■ **Material for this exercise**:

***

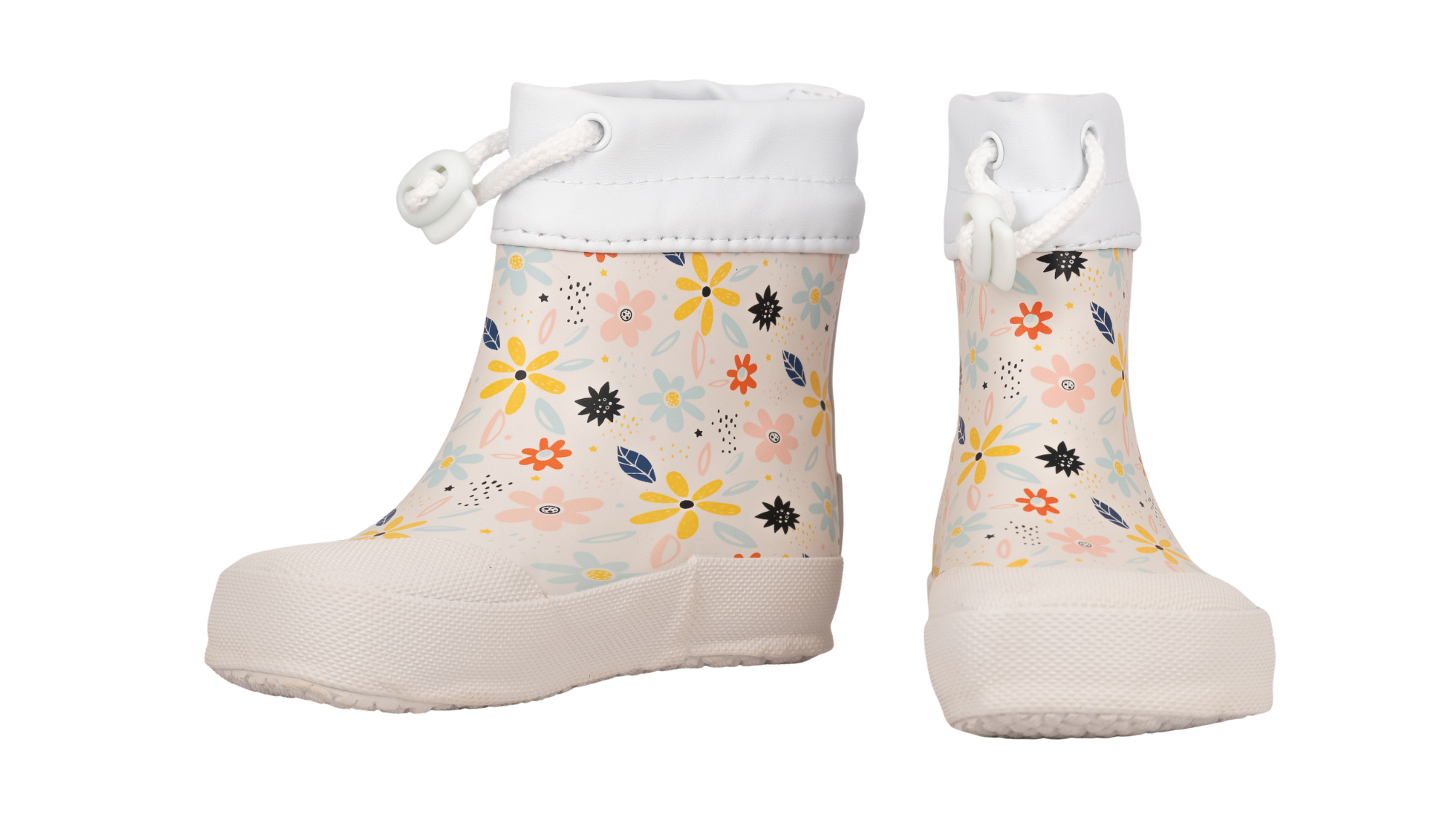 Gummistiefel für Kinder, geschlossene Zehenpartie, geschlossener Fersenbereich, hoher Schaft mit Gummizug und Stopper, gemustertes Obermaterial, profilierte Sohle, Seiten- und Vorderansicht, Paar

***

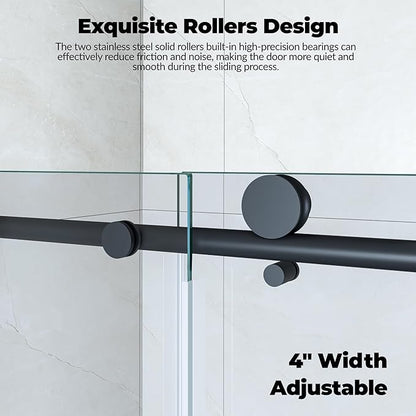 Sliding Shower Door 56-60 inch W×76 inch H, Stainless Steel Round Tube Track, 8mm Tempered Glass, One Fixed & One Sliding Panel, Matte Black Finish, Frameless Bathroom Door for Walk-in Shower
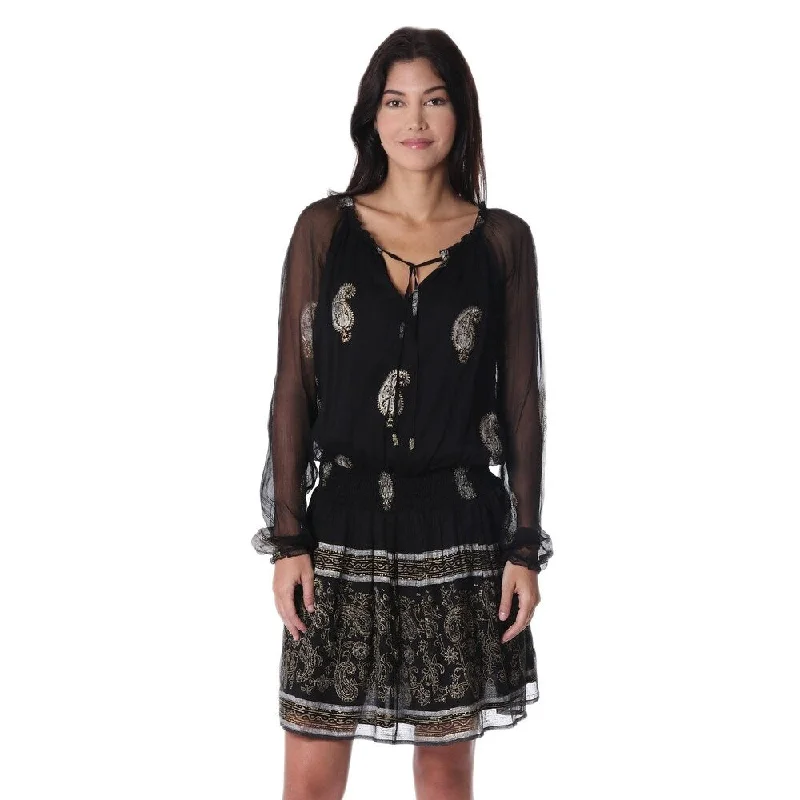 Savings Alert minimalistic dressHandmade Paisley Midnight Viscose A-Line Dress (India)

***

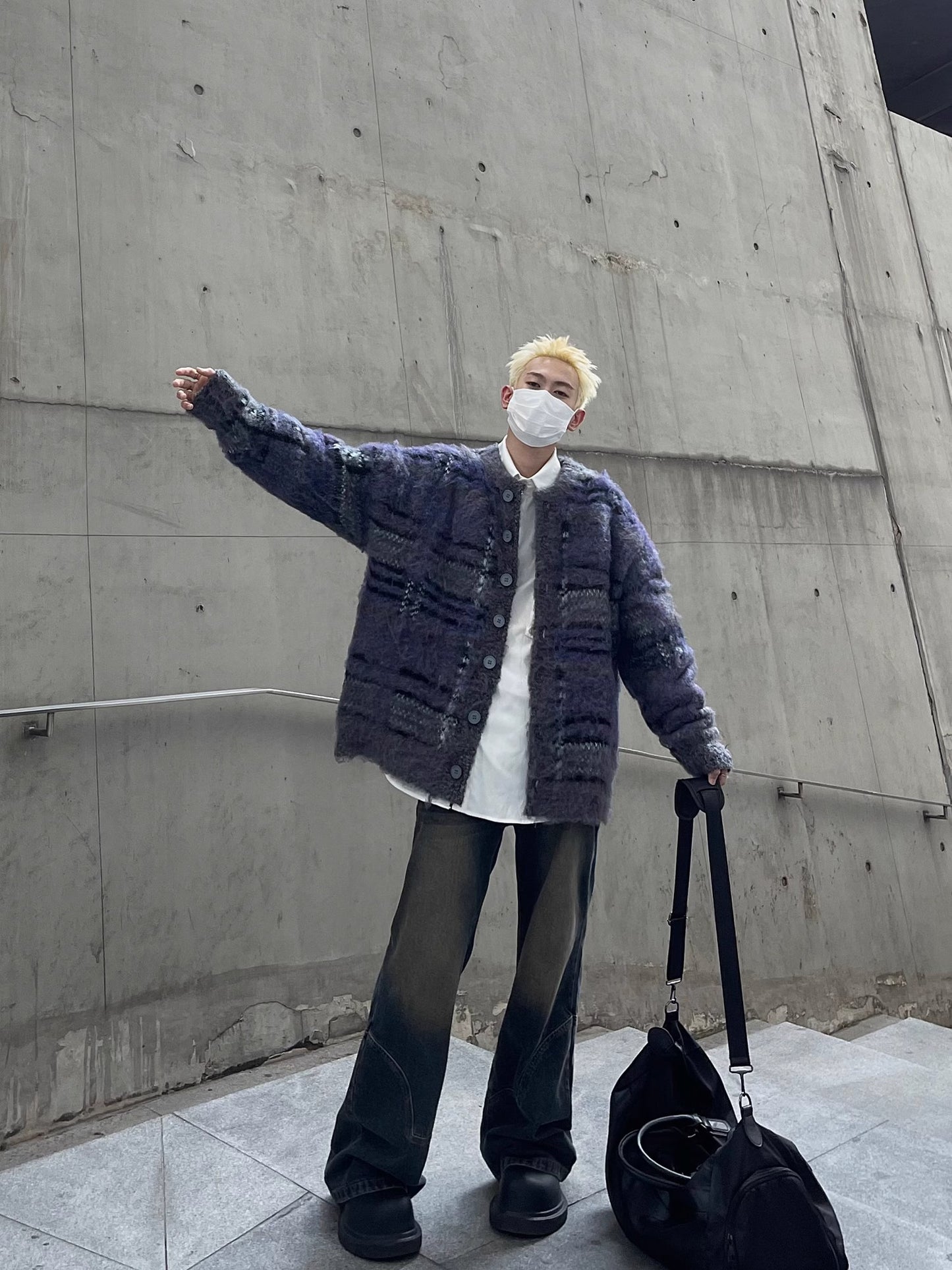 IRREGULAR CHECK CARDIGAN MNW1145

***

■ **Task details**: Copy nothing but the lines above from the one with "Sliding Shower Door" to the one with "Savings Alert minimalistic", inclusive, word for word. Leave every picture out.

■ **Written response**:
 Sliding Shower Door 56-60 inch W×76 inch H, Stainless Steel Round Tube Track, 8mm Tempered Glass, One Fixed & One Sliding Panel, Matte Black Finish, Frameless Bathroom Door for Walk-in Shower
 Savings Alert minimalistic dressHandmade Paisley Midnight Viscose A-Line Dress (India)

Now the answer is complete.